But that makes every object bigger
Another would be to require the platform can do a double-cas and then install the pointer and a header bit together 21:18
But that may not be portable enough
robertle my heap is segmented into arenas, and each arena has it's own list of things that still need to be done. so in theory I could shard by arena. I then would need to protect the list when appending/consuming...
jnthn Yeah
Yeah, there's what MoarVM is doing I guess. Each thread has its own nursery
robertle you would need the pointer and the header bit to be quite close together to be cas-able. I currently have them quite far apart 21:19
jnthn It's the forwarder in the object and the header bit in the object, so they're close enough
But you still need a double-cas operation
robertle btw, this is the toy: github.com/robertlemmen/keiryaku 21:20
jnthn I guess yet another scheme is to have two bits, CAS in place the "I'm going to write a forwarder" bit, if you win then write the forwarder, then cas in an "I'm done writing the forwarder". If you lose the first race then you have to spin.
I guess with enough clever you could use that as a fallback on platforms without double-cas and use the double-cas where possible :) 21:21
But we'd actually then have a new problem if we did that in MoarVM
robertle ?? 21:22
jnthn We rely on the things in a particular thread's fromspace (bit of memory we copy from) to land up in the same thread's tospace. 21:23
Which in turn means we know we'll always end up with no more in tospace than fromspace, so we can't ever overflow it
We'd need a new scheme to deal with that
Also, the current design tries to keep things local, and we'd lose that too 21:24
So maybe the current work-pass scheme ain't so bad after all :)
robertle hmm, all very difficult. do you have much in terms of benchmarks or so to test the GC against? 21:25
jnthn I've mainly tuned it on real-world workloads, since we have plenty of those :-) 21:26
CORE.setting compilation is quite good for measuring how well generational things are working
Hammering a multi-threaded web server isn't bad for looking at the threading case 21:27
I rewrote the thread sync-up algorithm at some point after looking at profiles of the latter
robertle aren't they very fickle?
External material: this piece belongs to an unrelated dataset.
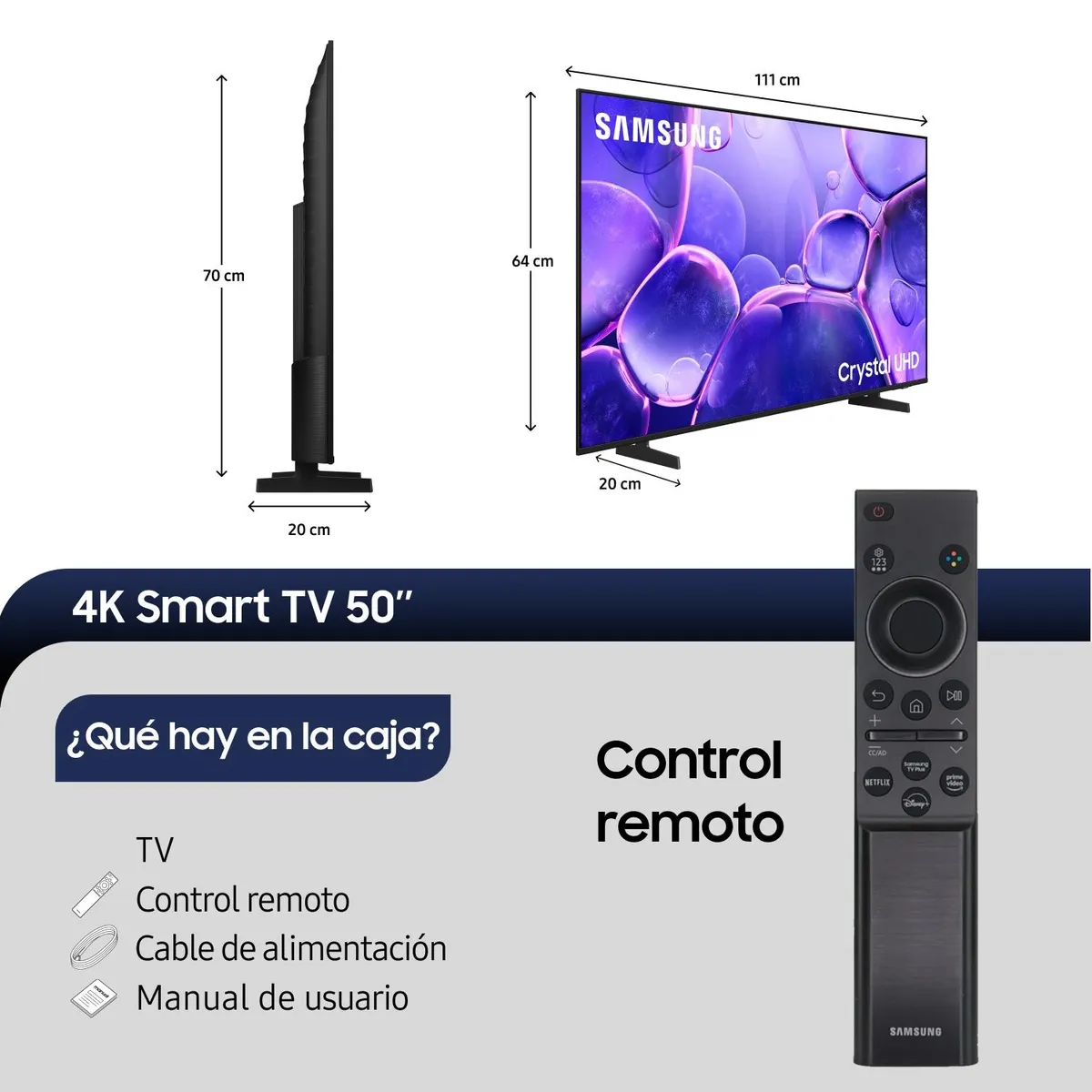 Samsung Smart TV Crystal U8000 50" 2025 en República Dominicana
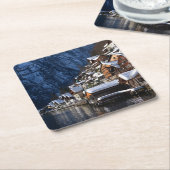 オーストリアのハルスタットにある木製の湖畔住宅 スクエアペーパーコースター (アングル)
I have an app at work for example (java). it creates shitloads of garbage, so really the main performance factor is the nursery size. if short-lived shit makes it into the real heap, then performance goes down the drain...
jnthn That's a factor too, though also a big nursery means longer collects and less cache locality in the collects 21:28
What I did find was very worth tuning was the decision about when to do full collects 21:29
robertle exactly. so more tuning required than one wants to do...
more generally: are you happy with it's performance in the web service (i.e. cro I guess) case?
jnthn Pretty sure a tuning there got 10% off CORE.setting compilation by putting into MoarVM an algorithm that used the overall heap size to decide how often to collect gen2
robertle I played with that a while ago because it's also what I do at work, and have to admit the results seemed a bit mixed to me 21:30
jnthn Happy with performance overall with Cro overall? Not really yet, though it's easily handling my production workloads. 21:31
But GC isn't much of a factor there, I don't think.
robertle what do you think are the big possible performance gains still to be had then?
jnthn A lot more of the cost comes from concurrency control overheads in Supply
Which is in no small part because LEAVE is essential for safely releasing locks, but also a pig. 21:32
I'm overall quite happy with the GC itself. We could do with escape analysis and "stack" allocation. 21:33
Which would mean that a lot less things ever end up being the GCs job
robertle ah! I have read and tried to understand dybvig's scheme paper, which I believe is at it's core about escape analysis and figuring out when stuff can safely be put on the stack 21:34
but it's mind-boggling
jnthn The other thing is that we've just a bunch more things to do to turn Perl 6 programs into better quickened bytecode and/or machine code
I'll probably spend much of next week re-working Scalar and assignment 21:35
Because at the moment we can't optimize out assignment type checks or lower it into something cheap, despite it being a really common thing.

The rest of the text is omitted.